US 12,112,139 B2
	Vocabulary generation for neural machine translation
Jingjing Xu, Beijing (CN); Chun Gan, Beijing (CN); Hao Zhou, Beijing (CN); Lei Li, Beijing (CN); and Zaixiang Zheng, Beijing (CN)
Assigned to Beijing Youzhuju Network Technology Co. Ltd., Beijing (CN)
Filed by Beijing Youzhuju Network Technology Co. Ltd., Beijing (CN)
Filed on Nov. 24, 2021, as Appl. No. 17/535,365.
Prior Publication US 2023/0161977 A1, May 25, 2023
Int. Cl. G06F 40/58 (2020.01); G06F 40/237 (2020.01); G06F 40/284 (2020.01)

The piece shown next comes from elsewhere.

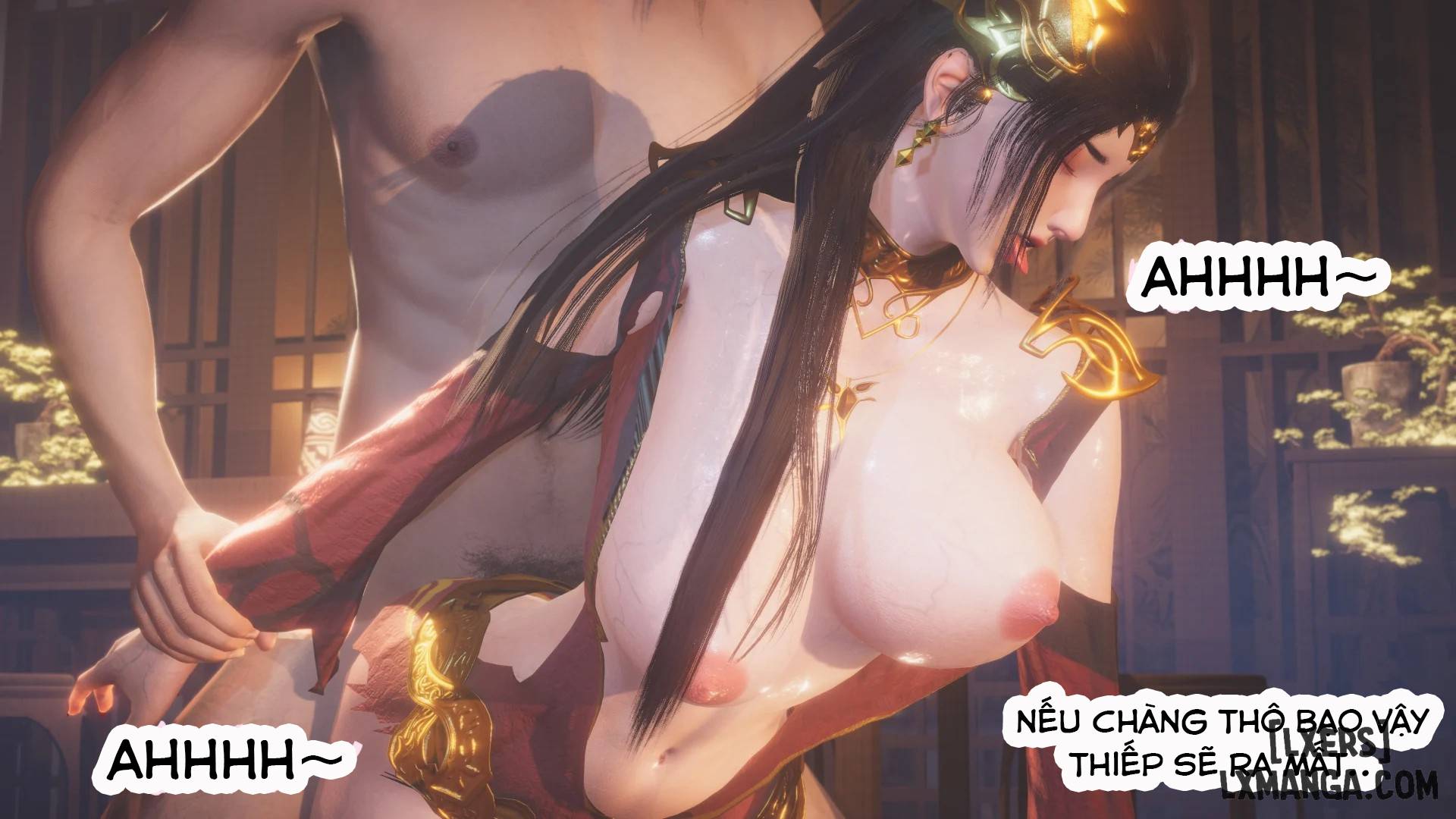 HentaiVN.net - Ảnh 40 - ĐẤU PHÁ THƯƠNG KHUNG: THẢI LÂN - Phần 2 Chương 2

CPC G06F 40/58 (2020.01) [G06F 40/237 (2020.01); G06F 40/284 (2020.01)]

18 Claims

1. A method for generating a destination vocabulary by a machine learning model, comprising:

inputting a sequence of token candidates and data indicative of a training corpus into the machine learning model, the sequence of token candidates generated based on a source vocabulary, and the training corpus comprising texts in at least one language;

generating a group of candidate vocabularies at a plurality of timesteps by the machine learning model, the machine learning model is configured to generate optimal vocabularies with a computational efficiency by balancing a corpus entropy and a vocabulary size, wherein a size of a candidate vocabulary in the group of candidate vocabularies is different from a size of the source vocabulary;

computing a group of marginal scores corresponding to the group of candidate vocabularies, respectively, wherein a marginal score in the group of marginal scores corresponding to a candidate vocabulary in the group of candidate vocabularies is computed based on a corpus entropy of the candidate vocabulary and a size of the candidate vocabulary, wherein computing the marginal score comprises computing a negative derivation of the corpus entropy to the size of the candidate vocabulary, and wherein the computing a negative derivation of the corpus entropy to the size of the candidate vocabulary further comprises:

computing an entropy difference between the corpus entropy and a previous corpus entropy of a previous vocabulary, and

computing the negative derivation based on the entropy difference and a predefined step length; and

selecting the destination vocabulary from the group of candidate vocabularies based on the group of marginal scores.